F. Landmines and International Relations: 

Overview

  • Usage: Widely used in conflicts (WWI, WWII, SE Asia, Korean War, Gulf War 1991).
  • Victim-activated: Can remain dormant for years; cause severe injuries and fatalities, mostly to civilians, including children.
  • Purpose: Originally to prevent removal of anti-tank/vehicle mines, protect strategic locations, injure rather than kill to burden enemy resources.
  • Proliferation: Cheap, accessible, used by regular and non-state forces. Tens of millions buried in over 70 countries, often unmarked/unrecorded.
  • Impact: Kill/injure civilians, restrict access to farmland, impede movement, prevent refugee return, hinder economic development.

Affected Regions

  • Contaminated Areas: Afghanistan, Angola, Burundi, Bosnia, Cambodia, Chechnya, Colombia, Iraq, Nepal, Sri Lanka, Myanmar, India, Pakistan (limited info available).
  • Disproportionate Impact: Affects poorest countries; clearance is costly and dangerous.

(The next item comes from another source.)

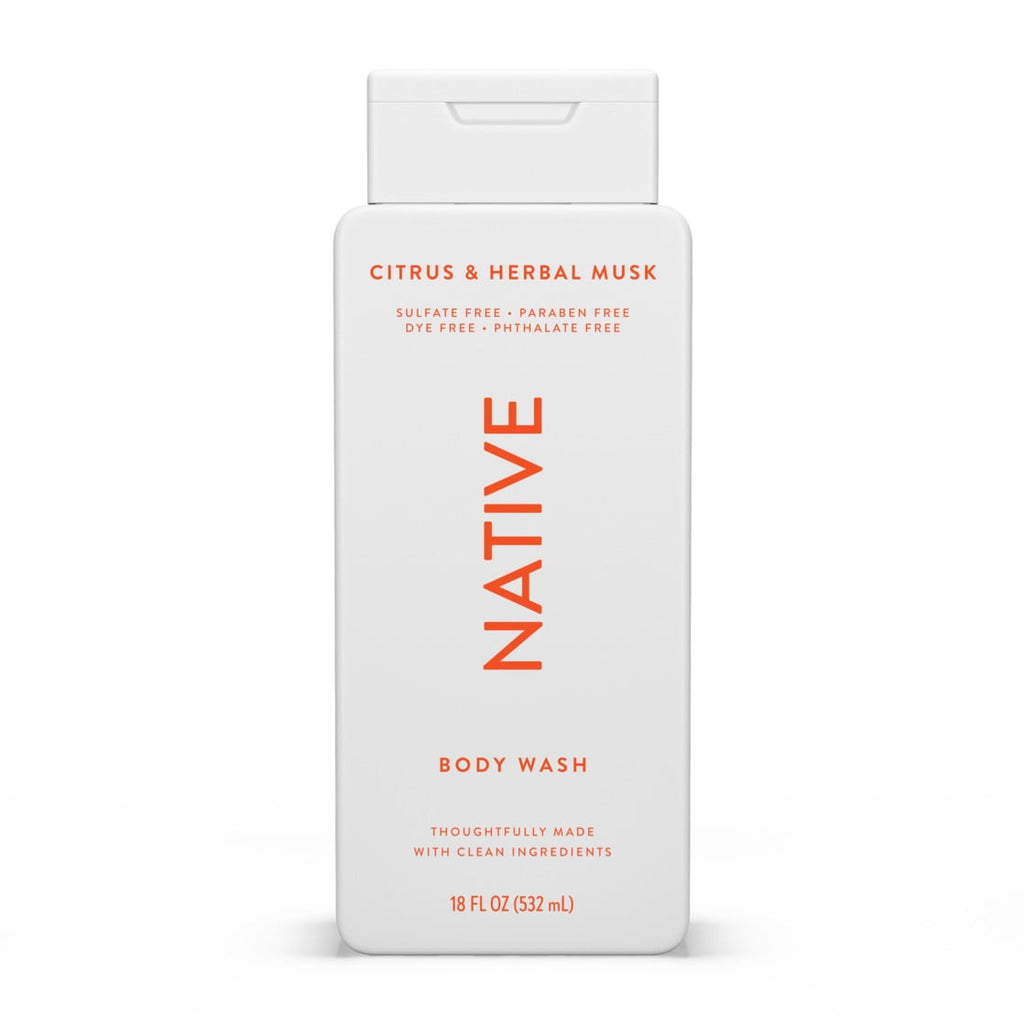 Body Wash, Citrus &amp; Herbal Musk, Sulfate Free, Naturally Derived Ingredients, 24hr Freshness, for Women &amp; Men, 18 fl oz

International Measures to Prohibit Anti-Personnel Mines

  1. Mine Ban Convention (Ottawa Convention, 1997)
    • Bans: Use, production, stockpiling, transfer of anti-personnel mines.
    • Commitments: Destroy stockpiles within 4 years, clear mines within 10 years, mine clearance, education, survivor assistance.
    • Development: Ottawa Process (civil society, Governments, UN); adopted in Oslo, signed in Ottawa.
    • Status: Entered into force March 1999; 162 States parties as of June 2015. Key non-signatories include China, Egypt, India, Israel, Pakistan, Russia, USA.
    • Impact: Halted global trade in anti-personnel mines, annual meetings to review progress.
  2. Protocol II (Amended, 1996) of CCW: 
    • CCW Annex: Part of the Convention on Certain Conventional Weapons.
    • Restrictions: On anti-personnel/vehicle mines, booby-traps; no total ban.
    • Prohibitions: Use causing superfluous injury/unnecessary suffering, detection-triggered mines, targeting civilians/civilian objects, indiscriminate use.
    • Commitments: Clear mines post-conflict, protect civilians, provide warnings, maintain records, protect humanitarian missions.
    • Status: Entered into force 1998; 102 States parties as of June 2015. Nepal is not a party.